What to produce: From the first line to the last, restate the data exactly, leaving out the images.

[Records excerpted from a collection]
'''
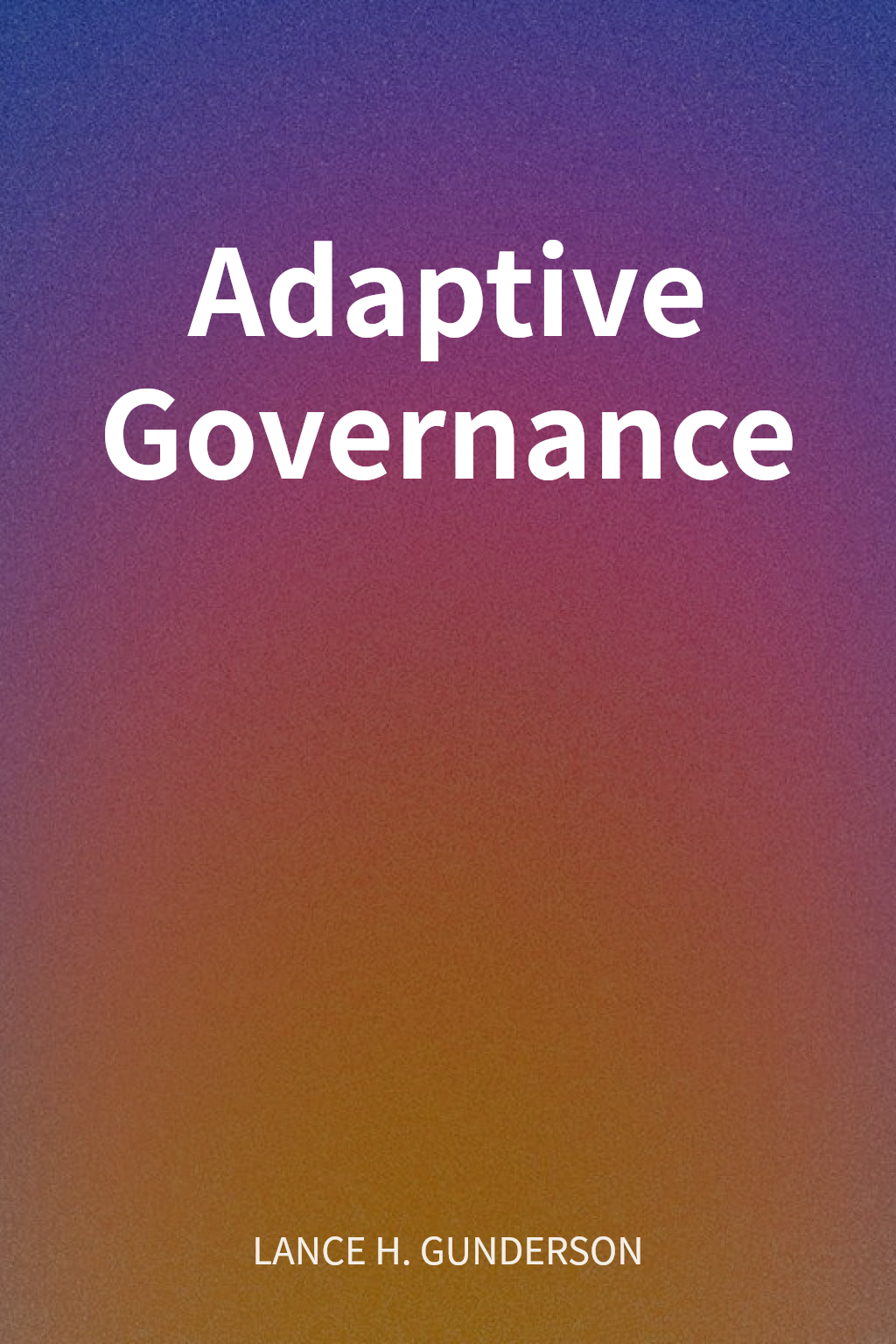 Adaptive Governance cover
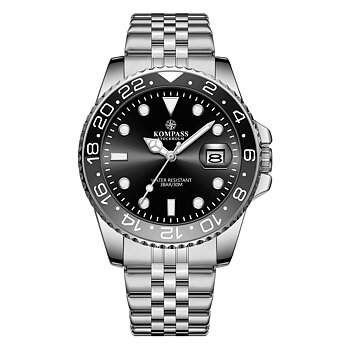 Kompass Monarch Silver Black/Gray
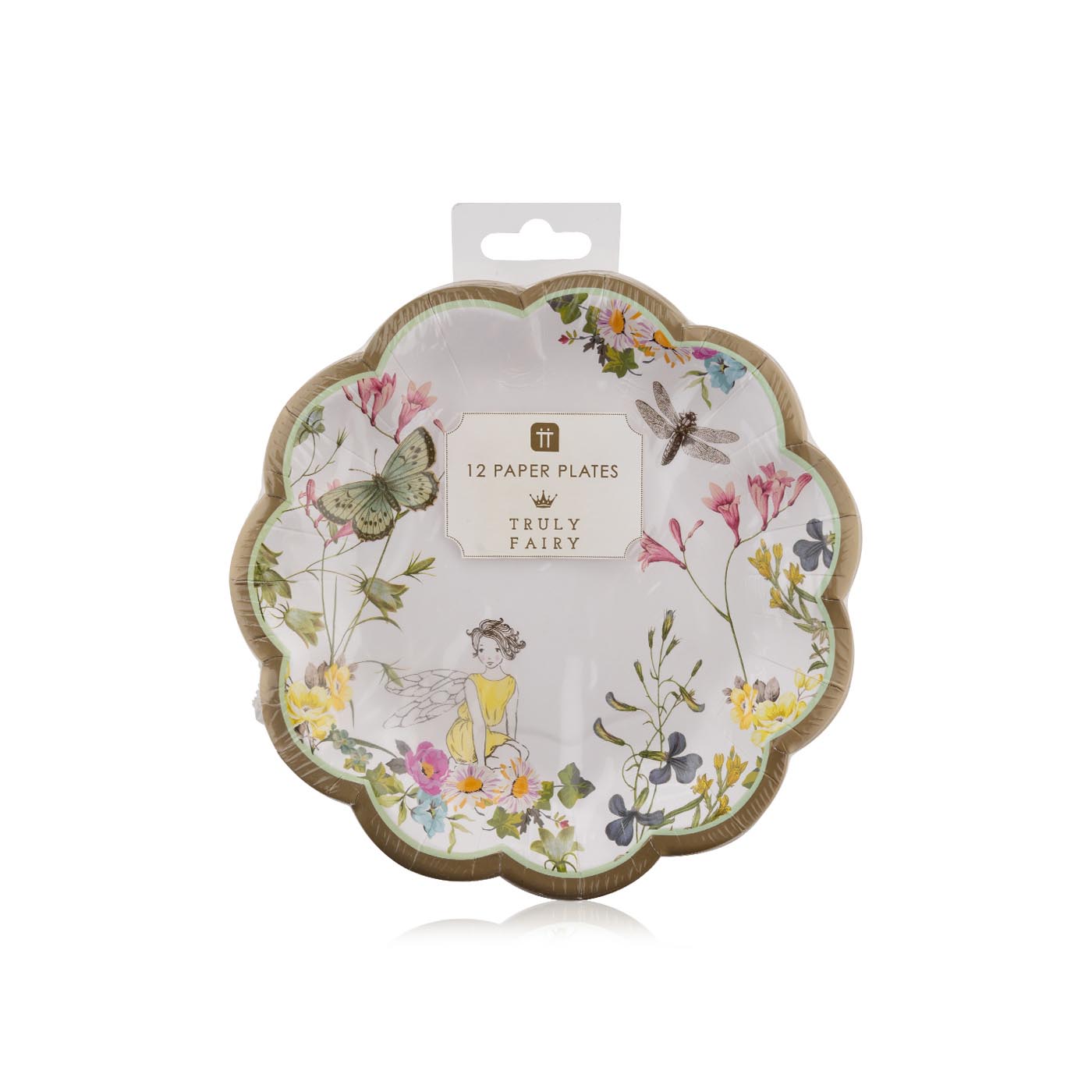 Talking Tables Truly Fairy Scallop Edge Plates Set of 12 7 inches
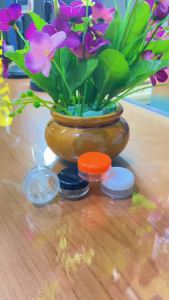 (ISI 10PCS) Set Kemasan Jar Multicolor 3gr untuk Serum/Cream/Lip Balm - Wadah Makeup Tahan Lama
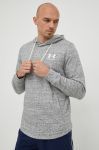 Кофта Under Armour 1370401 чоловіча колір сірий з принтом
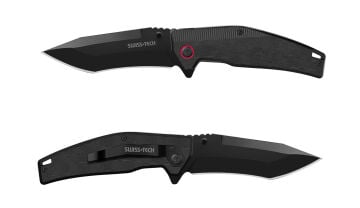 Swiss Tech G10 Katlanır Çakı - Siyah Titanyum ST014002
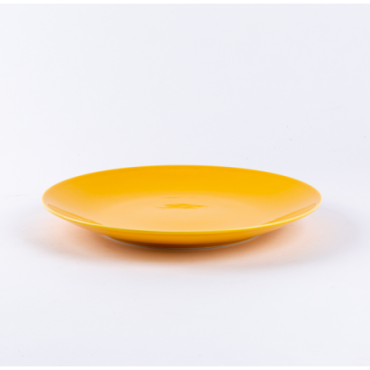 Assiette plate ronde 25 cm jaune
'''
Result of the exercise:
 Adaptive Governance cover
 Kompass Monarch Silver Black/Gray
 Talking Tables Truly Fairy Scallop Edge Plates Set of 12 7 inches
 (ISI 10PCS) Set Kemasan Jar Multicolor 3gr untuk Serum/Cream/Lip Balm - Wadah Makeup Tahan Lama
 Кофта Under Armour 1370401 чоловіча колір сірий з принтом
 Swiss Tech G10 Katlanır Çakı - Siyah Titanyum ST014002
 Assiette plate ronde 25 cm jaune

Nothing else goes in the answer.